■ Exercise requirements ■
Your job is to print, exactly, the lines in the data below from the line with "Warszawska palma zyska" through the line with "Leon Plaza Mayor", both included, and to omit any picture.

■ Data listing ■

|---|

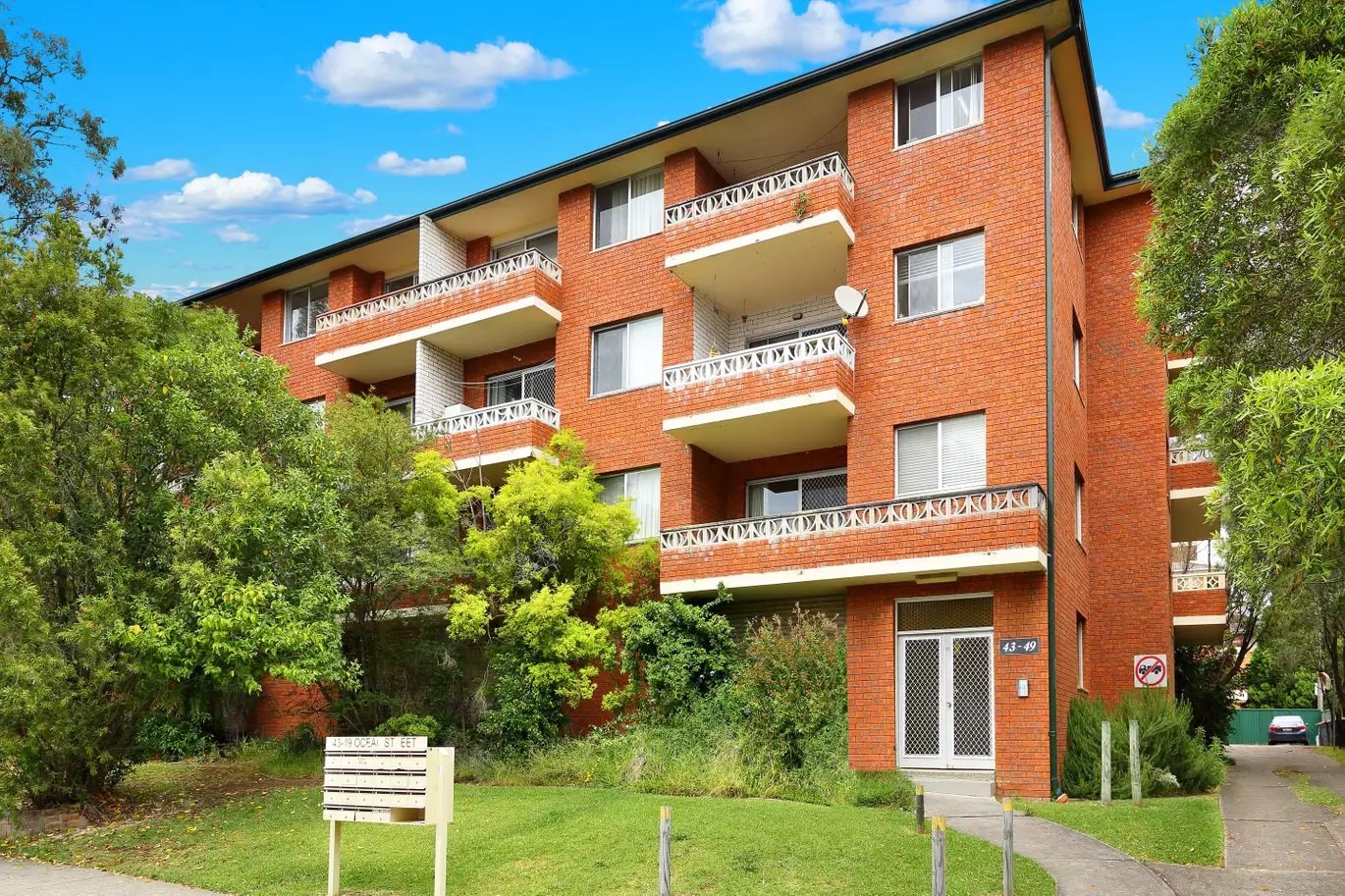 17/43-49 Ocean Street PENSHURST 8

|---|

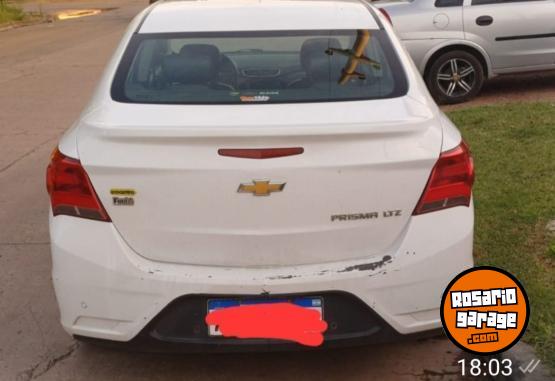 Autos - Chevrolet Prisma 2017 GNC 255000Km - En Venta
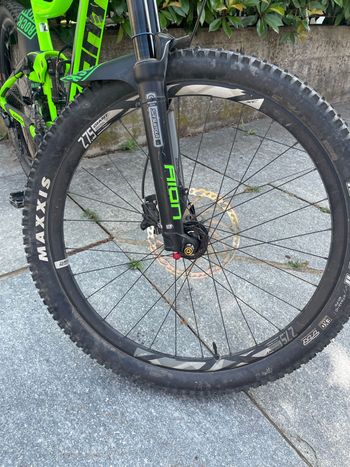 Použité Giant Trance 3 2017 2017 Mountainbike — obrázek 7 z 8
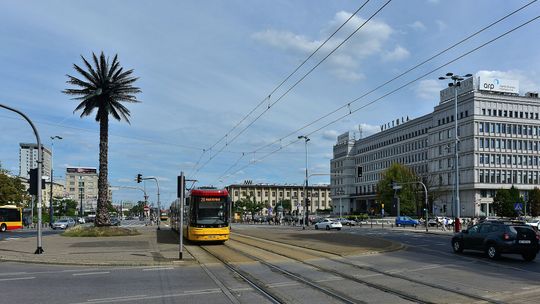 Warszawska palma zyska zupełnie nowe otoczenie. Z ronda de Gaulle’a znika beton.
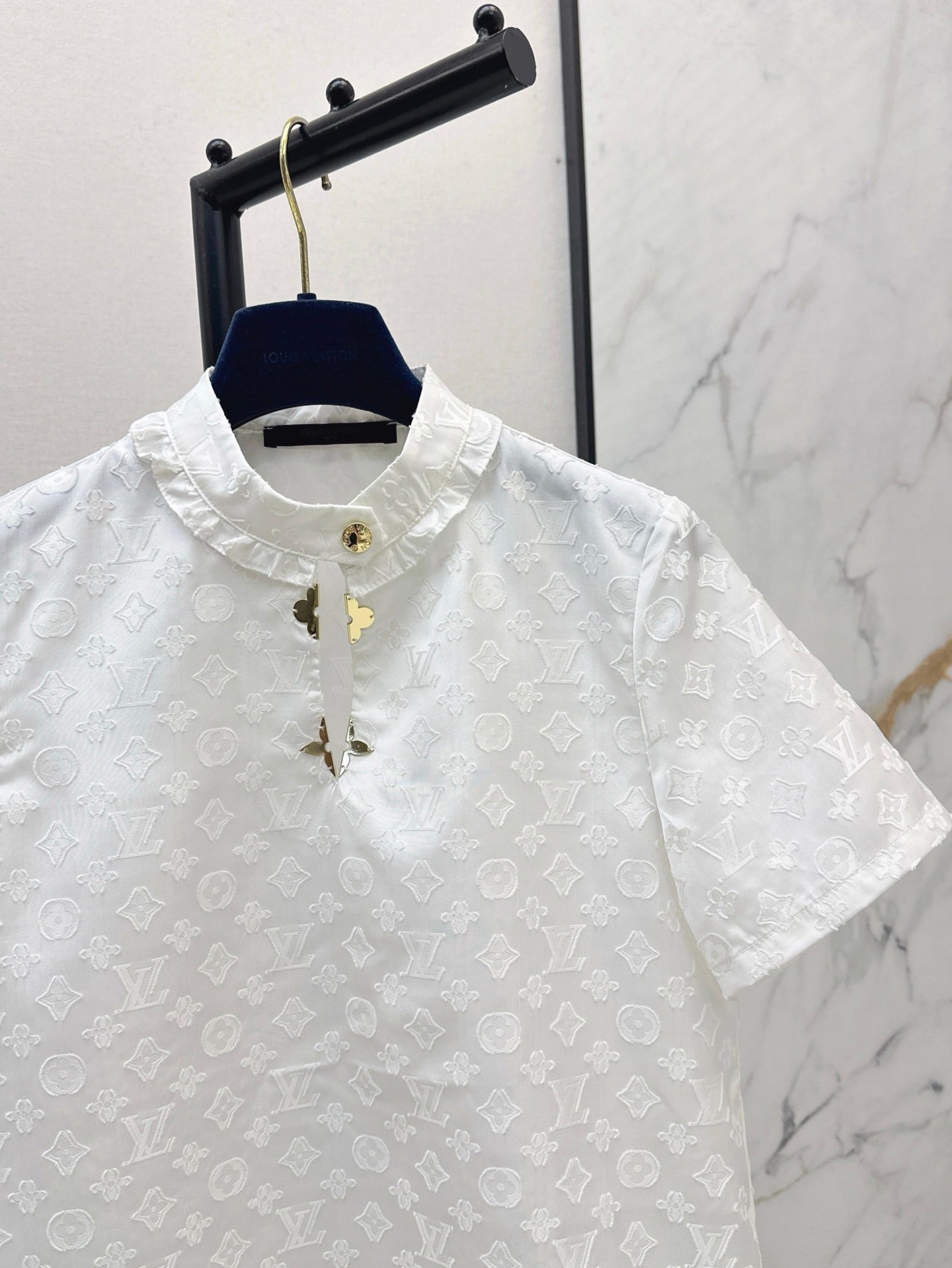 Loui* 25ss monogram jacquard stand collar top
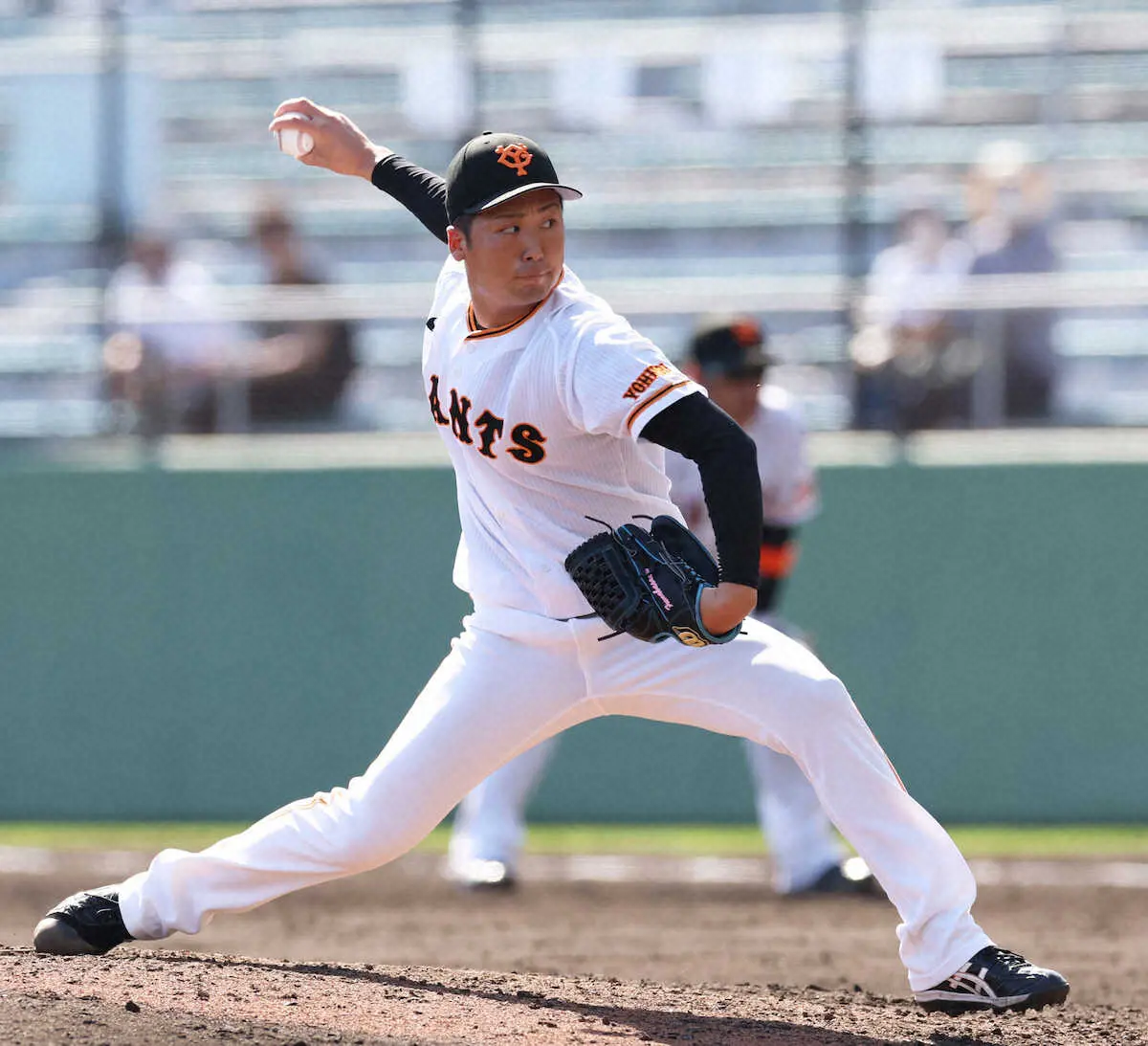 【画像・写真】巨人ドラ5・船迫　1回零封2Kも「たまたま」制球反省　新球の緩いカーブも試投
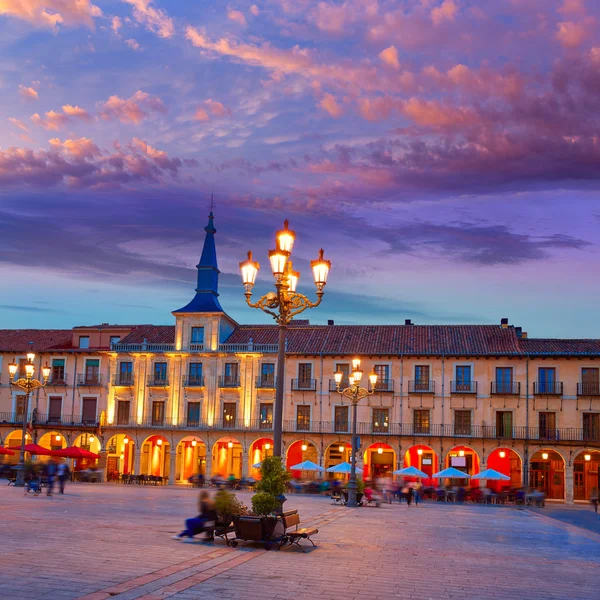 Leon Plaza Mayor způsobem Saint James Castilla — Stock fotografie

|---|

■ Solution to this exercise ■
 Warszawska palma zyska zupełnie nowe otoczenie. Z ronda de Gaulle’a znika beton.
 Loui* 25ss monogram jacquard stand collar top
 【画像・写真】巨人ドラ5・船迫　1回零封2Kも「たまたま」制球反省　新球の緩いカーブも試投
 Leon Plaza Mayor způsobem Saint James Castilla — Stock fotografie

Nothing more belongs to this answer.